Re: [PATCH 2/2] tools/memory-model: Add write ordering by release-acquire and by locks

From: Paul E. McKenney
Date: Wed Jul 04 2018 - 07:26:51 EST


On Tue, Jul 03, 2018 at 01:28:17PM -0400, Alan Stern wrote:
> Will:
>
> On Mon, 25 Jun 2018, Andrea Parri wrote:
>
> > On Fri, Jun 22, 2018 at 07:30:08PM +0100, Will Deacon wrote:
> > > > > I think the second example would preclude us using LDAPR for load-acquire,
> >
> > > I don't think it's a moot point.

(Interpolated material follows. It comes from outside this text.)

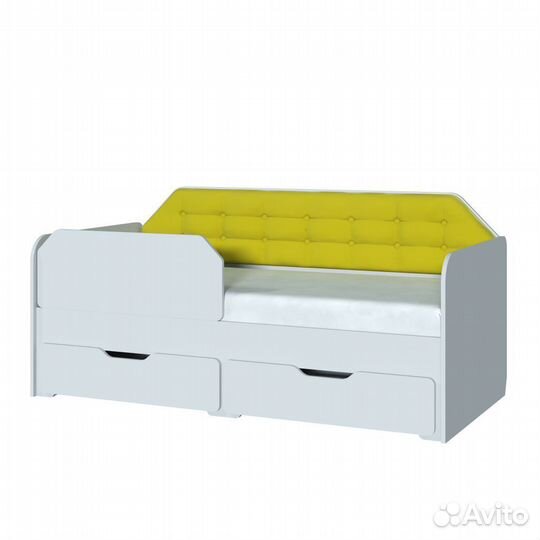 Детская кровать диван для мальчика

We want new architectures to implement
> > > acquire/release efficiently, and it's not unlikely that they will have
> > > acquire loads that are similar in semantics to LDAPR. This patch prevents
> > > them from doing so,
> >
> > By this same argument, you should not be a "big fan" of rfi-rel-acq in ppo ;)
> > consider, e.g., the two litmus tests below: what am I missing?
>
> This is an excellent point, which seems to have gotten lost in the
> shuffle. I'd like to see your comments.
>
> In essence, if you're using release-acquire instructions that only
> provide RCpc consistency, does store-release followed by load-acquire
> of the same address provide read-read ordering? In theory it doesn't
> have to, because if the value from the store-release is forwarded to
> the load-acquire then:
>
> LOAD A
> STORE-RELEASE X, v
> LOAD-ACQUIRE X
> LOAD B
>
> could be executed by the CPU in the order:
>
> LOAD-ACQUIRE X
> LOAD B
> LOAD A
> STORE-RELEASE X, v
>
> thereby accessing A and B out of program order without violating the
> requirements on the release or the acquire.
>
> Of course PPC doesn't allow this, but should we rule it out entirely?
>
> > C MP+fencewmbonceonce+pooncerelease-rfireleaseacquire-poacquireonce
> >
> > {}
> >
> > P0(int *x, int *y)
> > {
> > WRITE_ONCE(*x, 1);
> > smp_wmb();
> > WRITE_ONCE(*y, 1);
> > }
> >
> > P1(int *x, int *y, int *z)
> > {
> > r0 = READ_ONCE(*y);
> > smp_store_release(z, 1);
> > r1 = smp_load_acquire(z);
> > r2 = READ_ONCE(*x);
> > }
> >
> > exists (1:r0=1 /\ 1:r1=1 /\ 1:r2=0)
> >
> >
> > AArch64 MP+dmb.st+popl-rfilq-poqp
> > "DMB.STdWW Rfe PodRWPL RfiLQ PodRRQP Fre"
> > Generator=diyone7 (version 7.49+02(dev))
> > Prefetch=0:x=F,0:y=W,1:y=F,1:x=T
> > Com=Rf Fr
> > Orig=DMB.STdWW Rfe PodRWPL RfiLQ PodRRQP Fre
> > {
> > 0:X1=x; 0:X3=y;
> > 1:X1=y; 1:X3=z; 1:X6=x;
> > }
> > P0 | P1 ;
> > MOV W0,#1 | LDR W0,[X1] ;
> > STR W0,[X1] | MOV W2,#1 ;
> > DMB ST | STLR W2,[X3] ;
> > MOV W2,#1 | LDAPR W4,[X3] ;
> > STR W2,[X3] | LDR W5,[X6] ;
> > exists
> > (1:X0=1 /\ 1:X4=1 /\ 1:X5=0)
>
> There's also read-write ordering, in the form of the LB pattern:
>
> P0(int *x, int *y, int *z)
> {
> r0 = READ_ONCE(*x);
> smp_store_release(z, 1);
> r1 = smp_load_acquire(z);
> WRITE_ONCE(*y, 1);
> }
>
> P1(int *x, int *y)
> {
> r2 = READ_ONCE(*y);
> smp_mp();
> WRITE_ONCE(*x, 1);
> }
>
> exists (0:r0=1 /\ 1:r2=1)
>
> Would this be allowed if smp_load_acquire() was implemented with LDAPR?
> If the answer is yes then we will have to remove the rfi-rel-acq and
> rel-rf-acq-po relations from the memory model entirely.
>
> Alan
>
> PS: Paul, is the patch which introduced rel-rf-acq-po currently present
> in any of your branches? I couldn't find it.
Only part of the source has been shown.